Scotty85. U are the man!!! I formatted the sd again (fat32) dropped the .zip and checked in properties to make sure the file only had one .zip. Loaded the phone into hboot and got wrong image
no image
wrong image. Then it started going through it process and updating and ultimatly booted right up. Worked like a charm and thank god it did because i really dont know ship about sdk or adb( need to learn it, a book for dummies perhaps lmao) Anyways I cant thank u enough bro!


----------



## scotty85 (Jul 16, 2011)

awsome! glad it worked out for you.


----------



## scotty85 (Jul 16, 2011)

djj624 said:


> Worked like a charm and thank god it did because i really dont know ship about sdk or adb( need to learn it, a book for dummies perhaps lmao)

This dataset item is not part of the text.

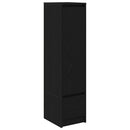 vidaXL fekete tölgy szerelt fa magasszekrény 29,5x34x119,5 cm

well then you may want to play with the file i linked for you above. just download and extract it,as i described,then open the cmd window and change to it

make sure usb debugging is set on the phone and plug it in. some basic commands to get your feet wet

*adb devices *spits back your serial number,indicating the phone is seen

*adb shell *gives you a # and indicates you have root access

*adb reboot *reboots the phone

*adb reboot recovery *boots the phone to recovery

*adb reboot bootloader *boots the phone to fastboot

in fastboot:
*fastboot devices *reports serial number

*fastboot getvar all *reports quite a few things about your phone

*fastboot reboot bootloader *reboots the bootloader

*fastboot reboot *boots you back to the operating system


----------



## djj624 (Aug 12, 2011)

Are these commands standard for all phones?

Sent from a Liquid Smooth SGS3


----------



## scotty85 (Jul 16, 2011)

djj624 said:


> Are these commands standard for all phones?
> 
> Sent from a Liquid Smooth SGS3


yup. any android phone should recognize those commands,with exception of some devices that do not have a true recovery partition


----------